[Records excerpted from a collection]
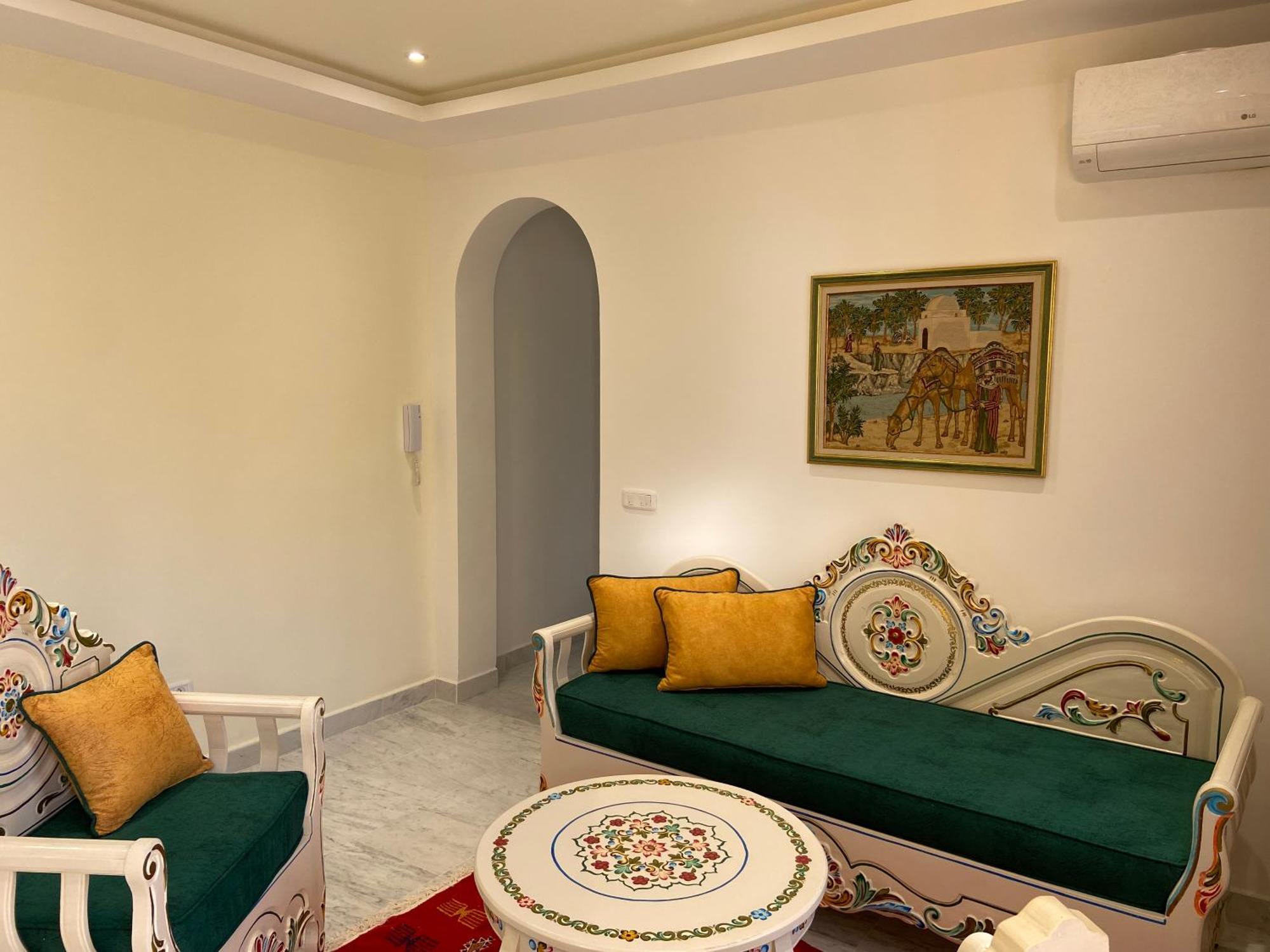 Marsa-Sidi Bousaid Cosy Authentic Apartment La Marsa Luaran gambar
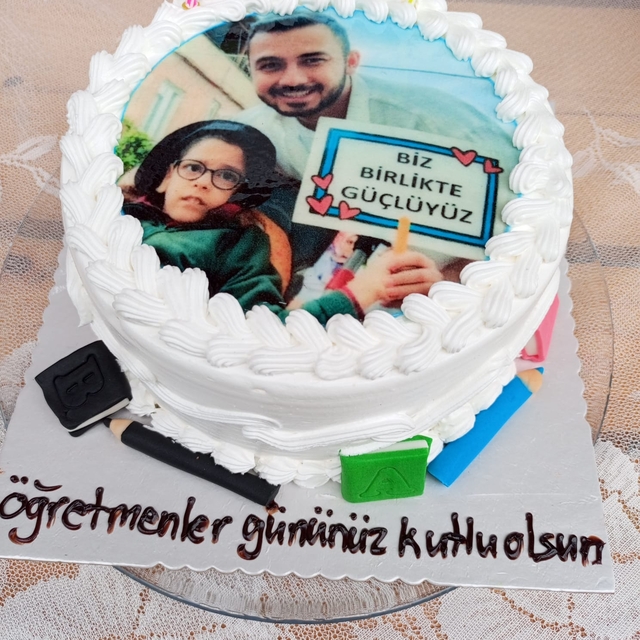 Evde eğitim gören Asrın'dan öğretmenine 24 Kasım sürprizi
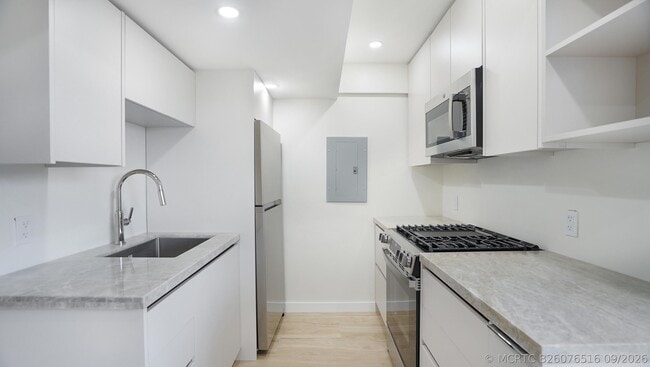 Building Photo - 701 S Royal Poinciana Blvd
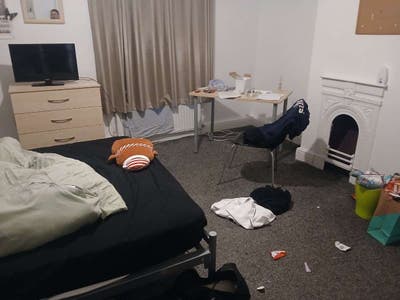 Student House Accommodation Room Available Main Photo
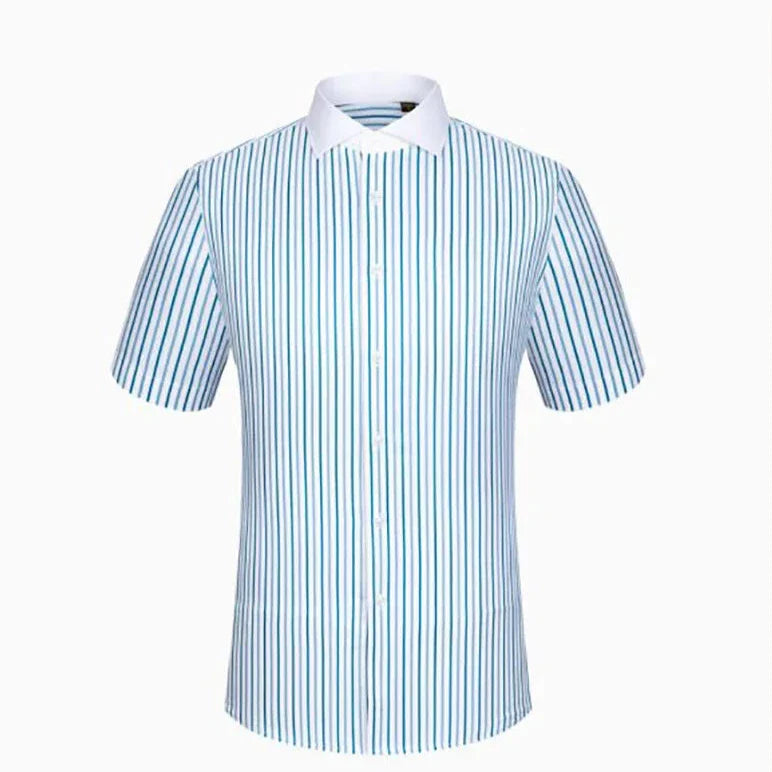 Camisa masculina com fechamento em botões e manga curta, modelagem que se adapta em qualquer corpo.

→ **Exercise instructions**
Print out the entries once more, unchanged. No pictures.

→ **Expected answer**
 Marsa-Sidi Bousaid Cosy Authentic Apartment La Marsa Luaran gambar
 Evde eğitim gören Asrın'dan öğretmenine 24 Kasım sürprizi
 Building Photo - 701 S Royal Poinciana Blvd
 Student House Accommodation Room Available Main Photo
 Camisa masculina com fechamento em botões e manga curta, modelagem que se adapta em qualquer corpo.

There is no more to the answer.